Test Tools & Frameworks :

- Utilize modern test management tools like TestRail, Zephyr, or qTest and version control systems (e.g., Git).

- Leverage scripting for hardware-in-loop (HIL) or software-in-loop (SIL) simulation environments when applicable.

Defect Lifecycle Management :

- Track and manage software defects using tools like JIRA or Azure Boards, ensure traceability to requirements, and drive root cause analysis in collaboration with software development teams.

Regulatory & Compliance Testing :

- Ensure all testing activities comply with FDA, IEC 62304, ISO 13485, and other healthcare software development standards, with a strong focus on software risk management and documentation.

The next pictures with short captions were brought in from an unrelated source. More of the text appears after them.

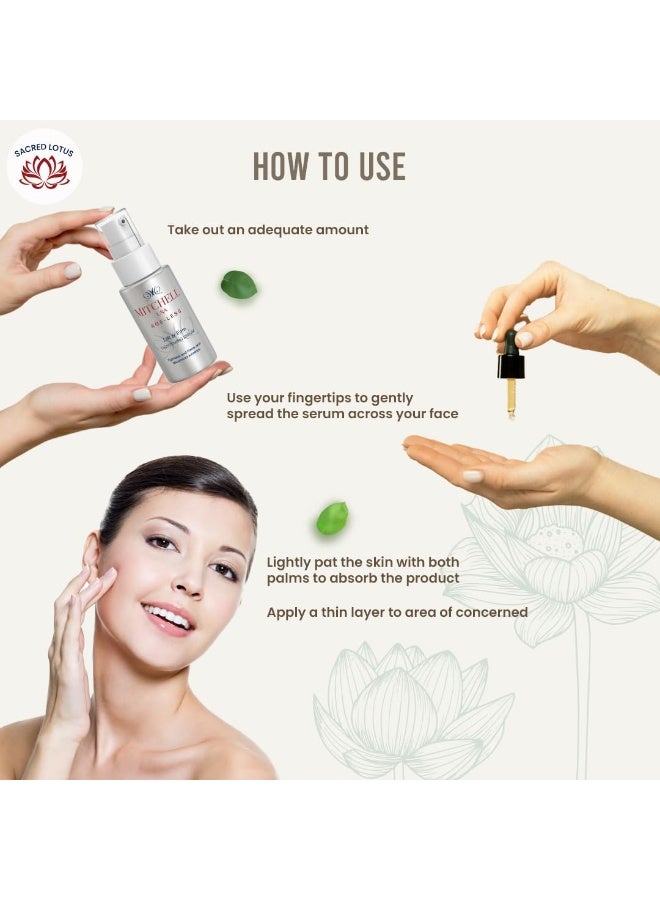 MITCHELL USA Lift & Firm Instant Face Tightening and Anti Aging Serum | Targets wrinkles | Helps lift and tighten skin | With Lotus Seed Extract, Hazel Liquid Extract & Vitamin E | For all skin types | 30ml - Image 3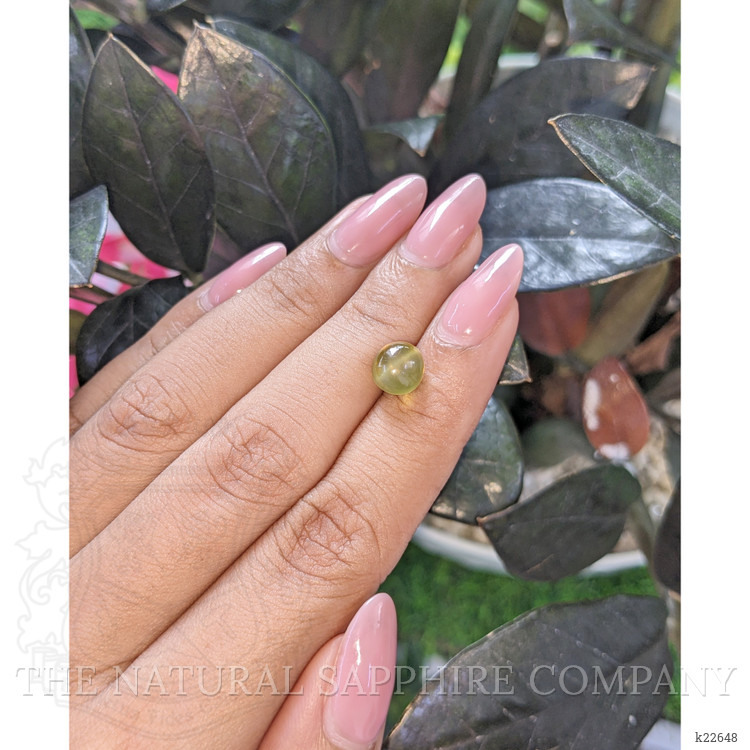 3.62 Ct. Yellowish Green Cabochon Chrysoberyl from Tanzania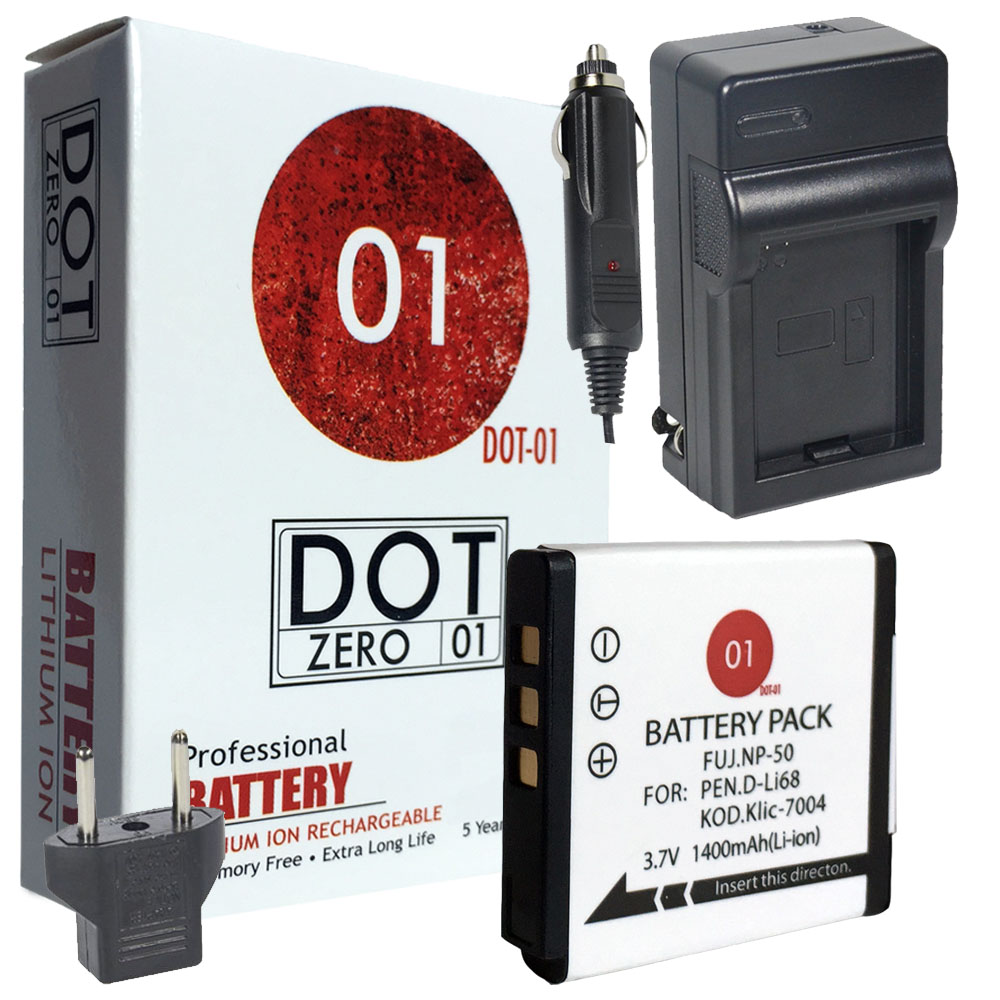 DOT01 Brand 1400 mAh Replacement Kodak KLIC7004 Battery and Charger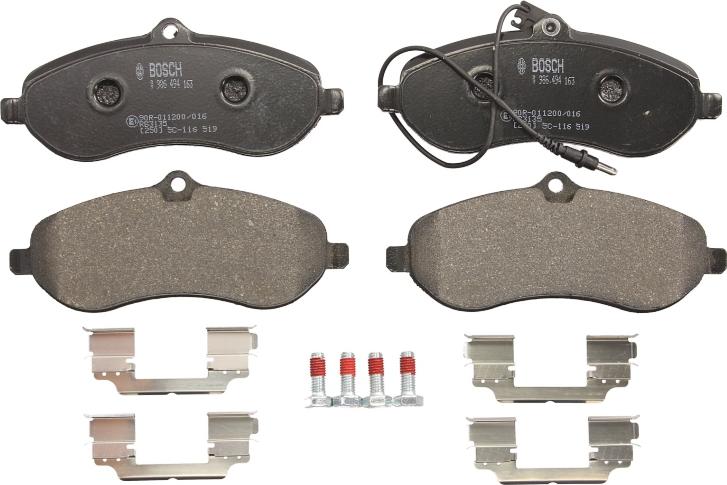 BOSCH 0 986 494 163 - Гальмівні колодки, дискові гальма autozip.com.ua
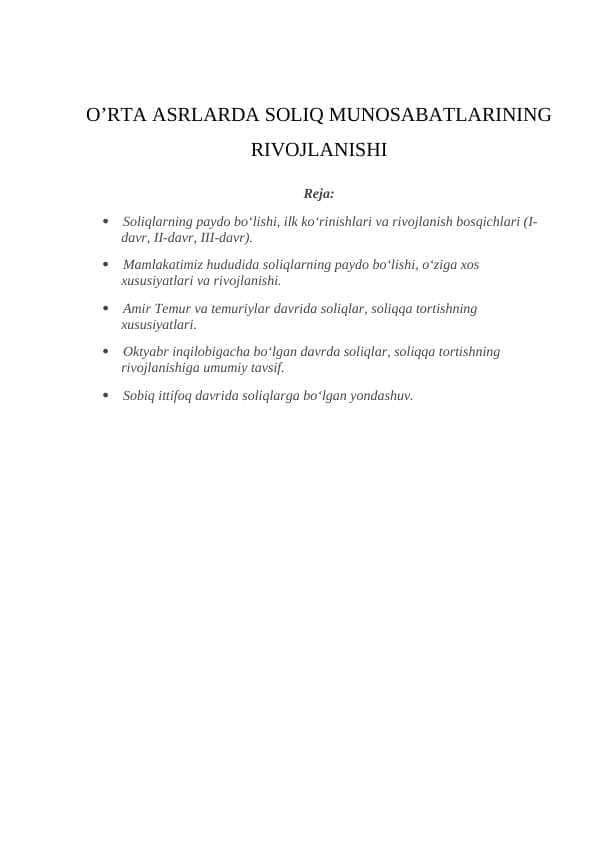 O’RTA ASRLARDA SOLIQ MUNOSABATLARINING RIVOJLANISHI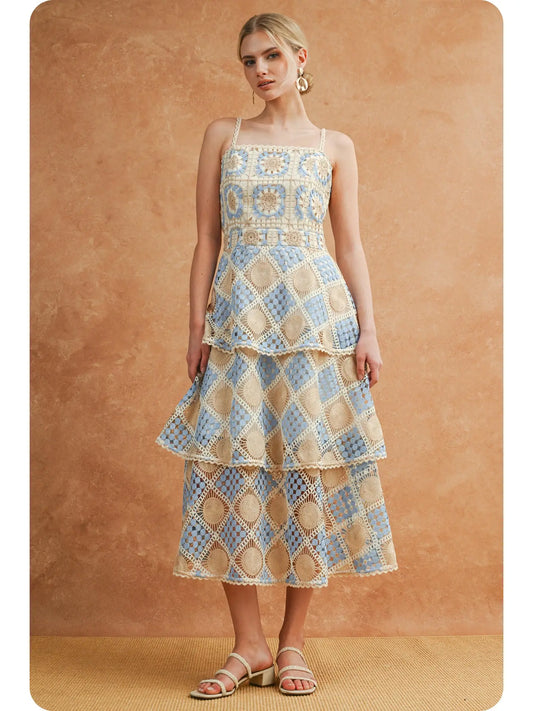 Two Tone Crochet Midi Dress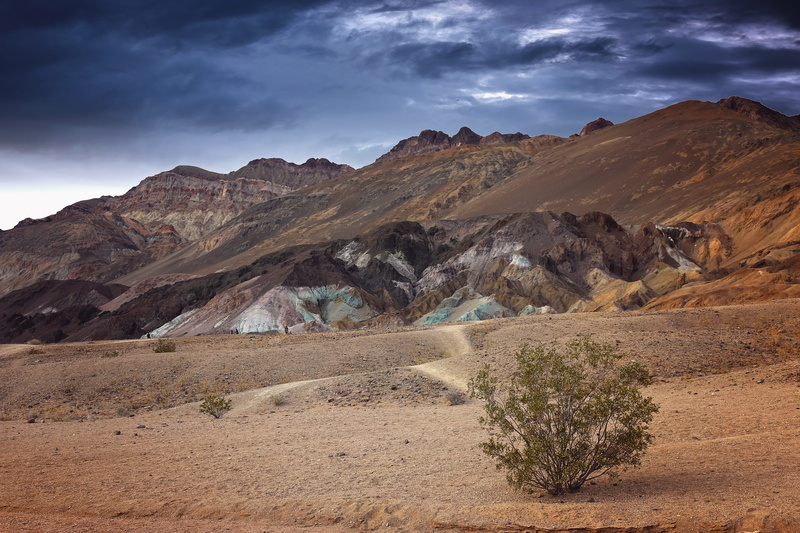 heat, colorful, mountain, america, blue, california, nimbus, natural, cloud - sky, artists drive, rock - object, road, landscape, nature, death, sky, environment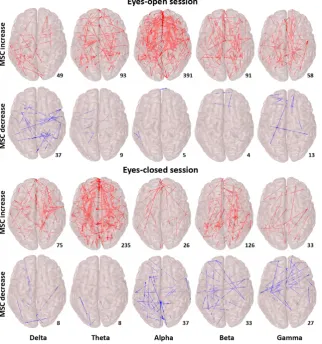 Figure 1. Alcohol-induced significant connectivity differences. Differences during eyes-open and during eyes-closed sessions are presenteddecreased in the lower rows (blue connections)
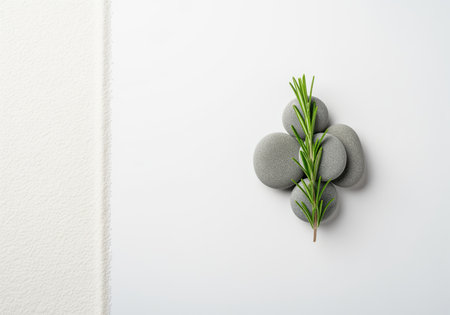 A fresh green rosemary sprig is elegantly placed atop a small stack of smooth, round grey stones, creating a serene and natural composition. ideal for wellness, spa, or culinary themes.の素材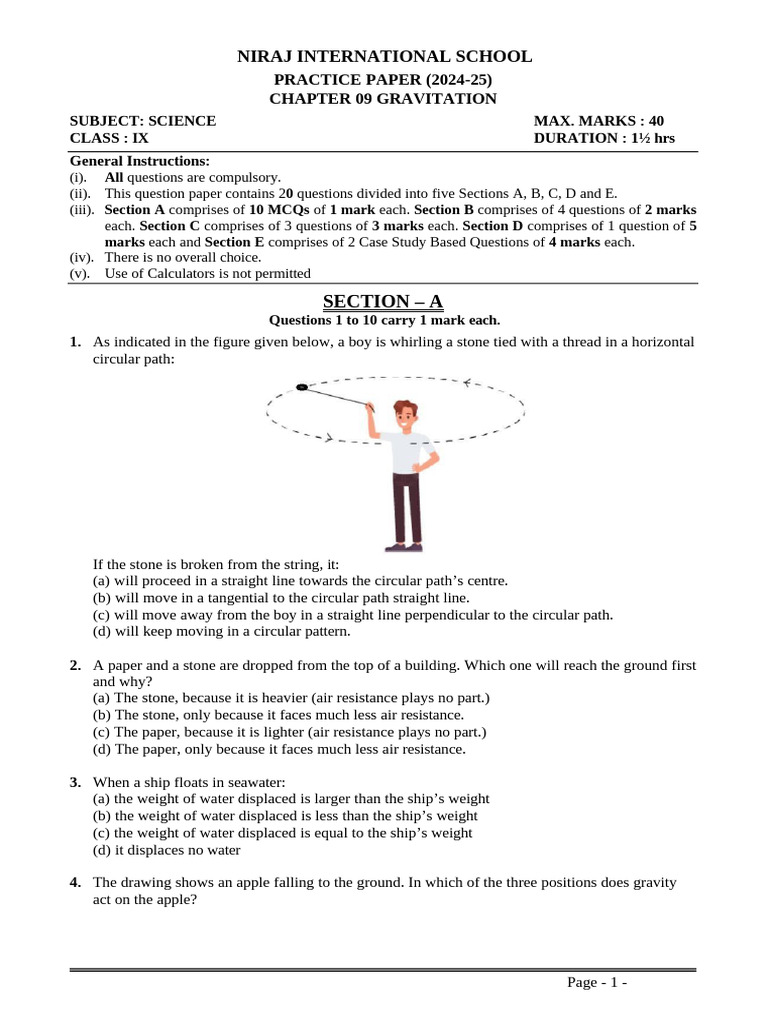 Class 9 Science: Gravitation Practice Paper | PDF | Weight | Mass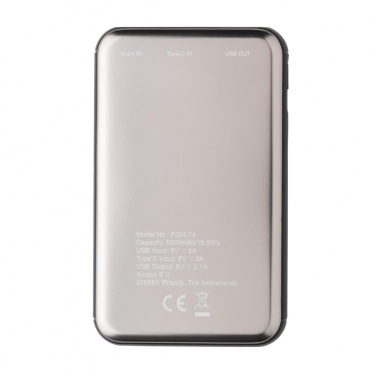 Logotrade corporate gift picture of: Pocket-size 5.000 mAh powerbank, grey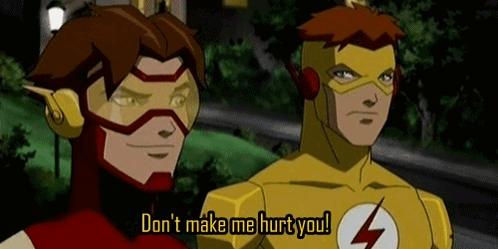 Two Cartoon Characters Are Standing Next To Each Other And One Of Them Is Saying " Don 'T Make Me Hurt You " GIF
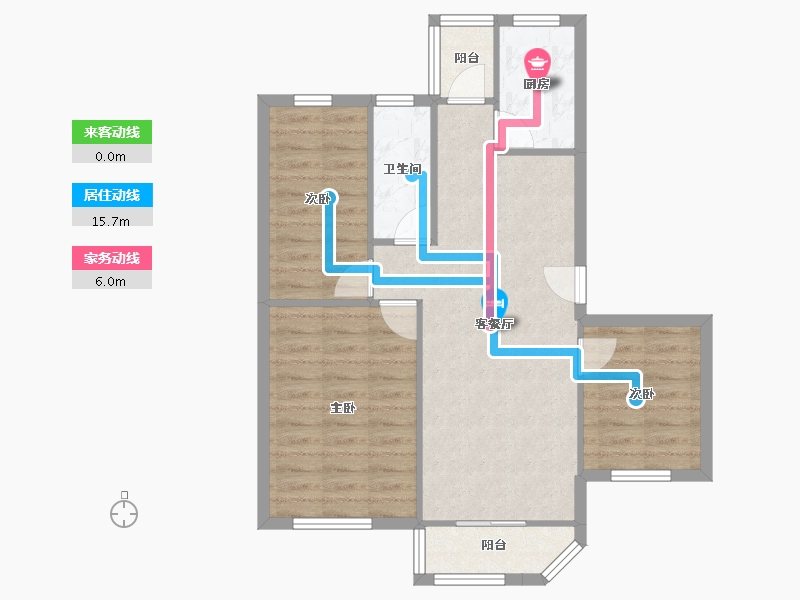 黑龙江省-鹤岗市-侨洲花园-70.34-户型库-动静线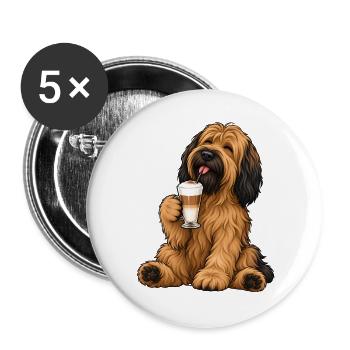 Briard mit Latte Macchiato - Buttons groß 56 mm (5er Pack) - Weiß - Vorne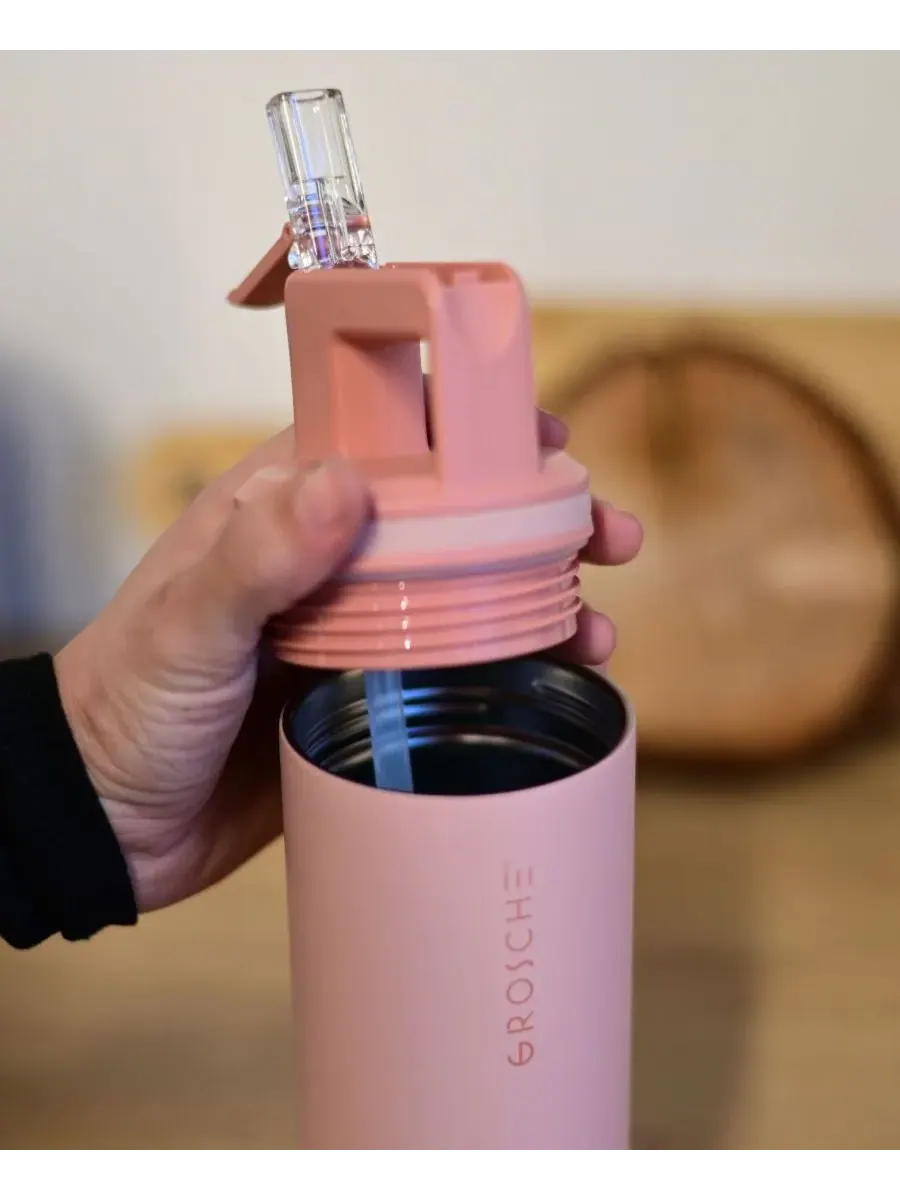 Термос Alpine Flip 'N Sip с трубочкой, 2 шт., 0,6 л + 1 л Grosche — изображение 10 из 10, белый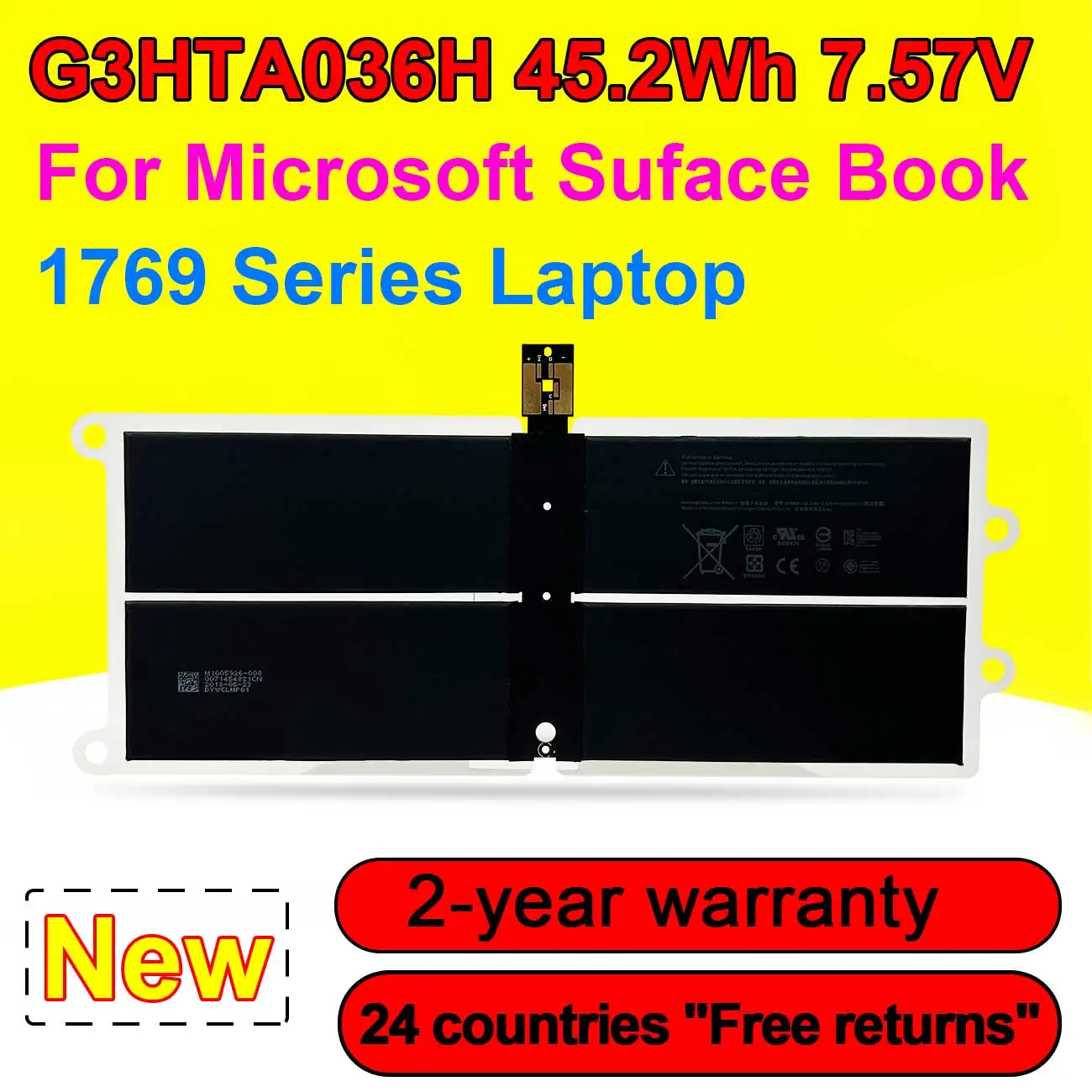 New Laptop Battery For Microsoft Surface Book Laptop 1 2 1769 1782 Series DYNK01 G3HTA036H 7.57V 45.2Wh 5970mAh Replacement
New Laptop Battery For Microsoft Surface Book Laptop 1 2 1769 1782 Series DYNK01 G3HTA036H 7.57V 45.2Wh 5970mAh Replacement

Cross-Functional Collaboration :

- Work closely with software developers, product managers, QA, and clinical teams to align test strategies with real-world healthcare scenarios.

Required Qualifications :

- Bachelors or Masters degree in Computer Science, Software Engineering, or a related discipline.

- 5+ years of experience in software testing for embedded, real-time, or regulated software systems, preferably in medical devices or life sciences.

- Proficiency in scripting and test automation using Python, Shell, or C/C++ test frameworks.

- Experience with communication protocols (e.g., UART, CAN, TCP/IP) and data validation in connected systems.

- Familiarity with Agile/Scrum methodologies and software test lifecycle processes.

- Knowledge of ISO 14971, IEC 60601, and IEC 62304 is highly desirable.

- Excellent analytical and documentation skills with strong attention to detail.

Desirable (Bonus) Skills :

- Experience with Docker, Kubernetes, or cloud-based testing environments (AWS, Azure).

- Background in Model-Based Testing or Behavior-Driven Development (BDD).

- ISTQB Certification or equivalent in software testing.

- Exposure to cybersecurity testing or software validation in SaMD (Software as a Medical Device) environments.